Prof. John Mearsheimer: Trump met Xi, Trump Backed Down — Tariffs Failed!

von kennerderlage
 
 
Wahre Worte! "It's depressing as an American to think about the low quality of our leadership" — da kann man Mearsheimer nur zustimmen! Und ein altes Sprichwort kommt einem in den Sinn: "Hochmut kommt vor dem Fall!"
 
 
Zusammenfassung unter dem Video:
 
Trump called the recent meeting “great” and “friendly,” but John Mearsheimer argues the Chinese side came out ahead. The dispute began with U.S. tariffs imposed last April; China responded by threatening rare-earth exports and cutting soybean purchases — powerful leverage that forced the U.S. to back down. 
 
China agreed to a one-year freeze/reprieve on rare-earth restrictions and to resume some soybean purchases, but the speaker warns this is temporary and China will renegotiate after a year. The U.S. lacks near-term self-sufficiency in rare-earth mining and processing (speaker estimates ~10 years), so the one-year window leaves the U.S. vulnerable. The speaker criticizes U.S. leadership (both parties) as strategically weak compared with China and Russia, calling Chinese leaders “first-class strategists.” 
 
On tariffs: some reductions were made (examples: Japan & South Korea down to 15%), but U.S.–China tariffs remain high (figures discussed around 47% vs prior ~55–57%); the speaker is unsure what the net economic effects will be. 
 
On fentanyl: the administration links tariff reductions to Chinese action on fentanyl precursors, but the speaker is uncertain whether China’s steps are meaningful or largely for show.

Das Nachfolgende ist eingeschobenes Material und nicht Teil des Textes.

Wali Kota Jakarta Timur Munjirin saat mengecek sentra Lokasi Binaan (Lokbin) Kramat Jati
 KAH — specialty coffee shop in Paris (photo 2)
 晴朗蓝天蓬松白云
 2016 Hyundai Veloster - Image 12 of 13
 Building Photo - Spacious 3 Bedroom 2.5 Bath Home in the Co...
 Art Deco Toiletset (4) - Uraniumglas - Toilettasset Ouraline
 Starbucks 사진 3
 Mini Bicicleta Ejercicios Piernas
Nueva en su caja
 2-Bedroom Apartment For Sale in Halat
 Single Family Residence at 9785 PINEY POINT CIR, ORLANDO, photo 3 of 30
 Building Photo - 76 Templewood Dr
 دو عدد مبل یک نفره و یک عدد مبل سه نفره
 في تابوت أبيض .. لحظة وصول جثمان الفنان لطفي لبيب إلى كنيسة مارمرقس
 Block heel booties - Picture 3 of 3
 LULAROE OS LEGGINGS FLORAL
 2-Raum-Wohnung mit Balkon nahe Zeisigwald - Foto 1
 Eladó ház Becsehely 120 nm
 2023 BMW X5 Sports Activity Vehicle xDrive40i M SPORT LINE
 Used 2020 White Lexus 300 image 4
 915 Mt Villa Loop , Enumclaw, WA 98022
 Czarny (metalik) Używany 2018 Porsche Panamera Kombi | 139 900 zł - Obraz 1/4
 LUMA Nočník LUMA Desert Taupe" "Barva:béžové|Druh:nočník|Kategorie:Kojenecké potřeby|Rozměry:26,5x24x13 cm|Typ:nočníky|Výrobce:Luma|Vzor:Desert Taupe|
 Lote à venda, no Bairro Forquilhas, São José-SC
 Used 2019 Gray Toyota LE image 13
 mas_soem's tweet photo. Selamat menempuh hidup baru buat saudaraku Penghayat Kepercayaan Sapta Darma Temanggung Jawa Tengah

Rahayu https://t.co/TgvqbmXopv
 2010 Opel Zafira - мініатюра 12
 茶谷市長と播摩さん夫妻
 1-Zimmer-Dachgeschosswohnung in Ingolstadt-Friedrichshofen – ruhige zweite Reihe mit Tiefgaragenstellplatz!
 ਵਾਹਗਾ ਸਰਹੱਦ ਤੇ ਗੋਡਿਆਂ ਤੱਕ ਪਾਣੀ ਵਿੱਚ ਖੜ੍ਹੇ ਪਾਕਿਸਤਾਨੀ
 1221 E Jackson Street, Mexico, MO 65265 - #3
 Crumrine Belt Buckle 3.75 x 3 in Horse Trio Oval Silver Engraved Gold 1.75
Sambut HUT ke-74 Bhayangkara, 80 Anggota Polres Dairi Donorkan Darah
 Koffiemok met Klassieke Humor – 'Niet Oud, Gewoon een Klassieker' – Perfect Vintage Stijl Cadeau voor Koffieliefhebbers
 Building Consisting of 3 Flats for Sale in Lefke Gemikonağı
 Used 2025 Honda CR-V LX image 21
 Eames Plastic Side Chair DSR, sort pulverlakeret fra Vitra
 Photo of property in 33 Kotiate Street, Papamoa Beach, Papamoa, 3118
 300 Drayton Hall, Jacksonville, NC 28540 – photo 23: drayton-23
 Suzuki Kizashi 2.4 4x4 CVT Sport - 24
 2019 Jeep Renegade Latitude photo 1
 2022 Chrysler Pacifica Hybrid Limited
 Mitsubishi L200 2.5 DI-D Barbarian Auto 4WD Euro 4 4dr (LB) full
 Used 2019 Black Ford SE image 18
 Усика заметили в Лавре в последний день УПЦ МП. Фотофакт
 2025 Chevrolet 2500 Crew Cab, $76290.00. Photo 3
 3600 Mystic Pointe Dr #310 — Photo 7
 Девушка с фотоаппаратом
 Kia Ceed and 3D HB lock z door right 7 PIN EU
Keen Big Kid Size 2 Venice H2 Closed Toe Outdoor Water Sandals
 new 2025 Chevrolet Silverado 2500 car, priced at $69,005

Broader moral/strategic critique: the speaker condemns U.S. policy in the Middle East (mentions Gaza) and Iran/Ukraine handling, calling it both morally and strategically poor. 
 
Venezuela/use of force: the speaker objects to public talk of regime change, assassination, or capture of Maduro and criticizes reports of U.S. forces sinking boats and killing people without proper interdiction/boarding — calling such actions legally and morally dubious. 
 
Overall tone: frustrated and critical of U.S. foreign policy and leadership competence; worried the U.S. has ceded bargaining strength to China and is making morally questionable decisions abroad.